Símbolos de uma República em crise - FERNANDO EXMAN

Valor Econômico - 29/04

Trégua entre as alas do governo não deve ser duradoura


Nas cortes, aprende-se nos livros de história e manuais de cerimonial, os gestos têm tanta força quanto as palavras. É o que ocorre em Brasília, onde frequentemente as mensagens não são passadas de forma explícita por meio de sentenças completas, frases com sujeito, verbo e predicado.

O simbolismo é um costume político e as autoridades usam atos públicos para, mesmo sem abordar diretamente um assunto, enviar recados. Auxiliares são prestigiados ou colocados no ostracismo, dependendo dos lugares que ocupam à mesa ou no palco. Destinos são definidos muito antes das nomeações ou das exonerações chegarem ao “Diário Oficial da União”. Em alguns momentos, contudo, os gestos são feitos tarde demais ou não apresentam a naturalidade necessária para ganharem credibilidade. As aparições públicas do presidente Jair Bolsonaro e de alguns ministros de Estado nos últimos dias estão repletas desses exemplos e, por isso, merecem atenção.

Depois de praticamente ceder o Palácio do Planalto para o ex-ministro da Saúde Luiz Henrique Mandetta retomar sua carreira política em grande estilo, com entrevista e discursos de despedida, Bolsonaro forçou a saída de Sergio Moro do Ministério da Justiça. Houve desgaste com sua base eleitoral, mas o cálculo parece outro. O ex-juiz da Lava-Jato é odiado por grande parte da classe política tradicional, a mesma que o presidente sempre criticou e agora tenta se aproximar num momento em que está isolado.

Um isolamento que a própria Presidência tentou relativizar ao cercar Bolsonaro de todos os demais ministros, quando ele foi fazer um pronunciamento para se defender das acusações de Moro. Os ministros que podiam tentavam se esconder atrás dos mais altos e os que ocupavam a primeira fila da tropa de choque, olhavam para o infinito. O governo perdia um dos seus pilares. Um ato que seria para demonstrar força acabou evidenciando as fragilidades e as preocupações do ocupante do principal cargo da República.

Esse é o tipo de comportamento que foge ao controle dos membros do cerimonial, encarregados de garantir que seja observado todo um roteiro previamente estabelecido para as festas oficiais, as solenidades ou as visitas ao chefe do governo. Uma missão desafiadora quando o presidente costuma negligenciar protocolos de segurança e expor a vida palaciana nas redes sociais.

A internet é o ecossistema em que Bolsonaro conseguiu deixar de ser um deputado do baixo clero para emergir como uma das principais forças políticas de um país dividido. Um ambiente praticamente sem regras de etiqueta. Propício a discursos radicais e à proliferação de notícias falsas, ou seja, o lugar perfeito para que um outro gesto de aproximação fosse executado.

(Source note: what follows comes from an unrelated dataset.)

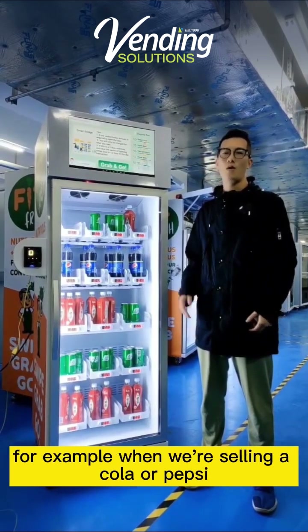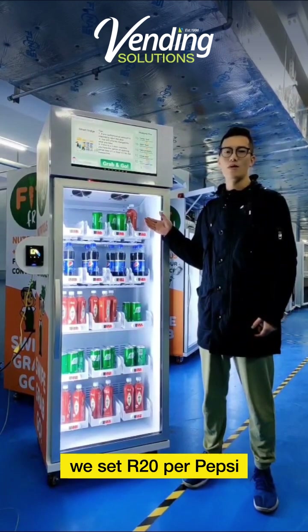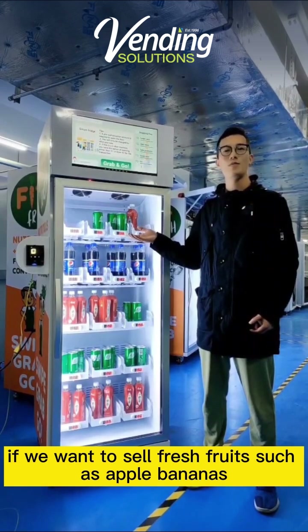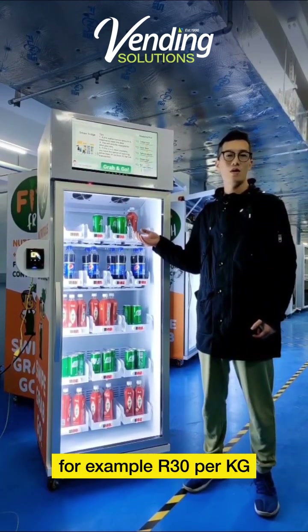This smart fridge also gives us the option to sell by weight or sell by piece. For example, when we are selling a cold pastry, we can sell by piece — set at $3 per pastry. If we want to sell fresh fruit such as apples or bananas, we can sell by weight, for example $3 per kg.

Após atacar o presidente da Câmara, Rodrigo Maia (DEM-RJ), Bolsonaro surpreendeu até os ministros mais próximos e apareceu ao vivo, vestindo bermuda e chinelos, em seu perfil nas redes sociais. Assistia a uma transmissão feita pelo ex-deputado Roberto Jefferson (PTB-RJ).

O tema da “live” era um suposto golpe parlamentar em curso. E o espectador não estava em um local qualquer, mas em uma sala da residência oficial, o que deu ainda mais dramaticidade ao episódio. A imagem transmitida pelo presidente o mostrava acompanhado apenas de seguranças, todos em silêncio. A apatia dos presentes só era quebrada quando um garçom, também devidamente uniformizado, oferecia pães de queijo ou algum sanduíche.

O pivô do escândalo do mensalão voltava ao Palácio do Planalto, desta vez virtualmente, para prometer apoio incondicional a um presidente que aparecia nas telas de computadores e telefones celulares praticamente sozinho. Uma prévia de como será o relacionamento do presidente com os partidos do Centrão: sem intimidade, uma troca de interesses que ninguém sabe ainda aonde vai chegar.

Bolsonaro e os líderes do Centrão se conhecem muito bem. Em seus 28 anos na Câmara, o presidente passou por algumas dessas siglas e pode-se dizer sem medo de errar que não há confiança entre os lados. O então deputado nunca seguia as orientações de bancada, mas também não fazia exigências. Pedia apenas que o ajudassem a ter espaço na tribuna semanalmente para fazer seus discursos. Queria também ser indicado como membro titular da Comissão de Relações Exteriores e Defesa Nacional.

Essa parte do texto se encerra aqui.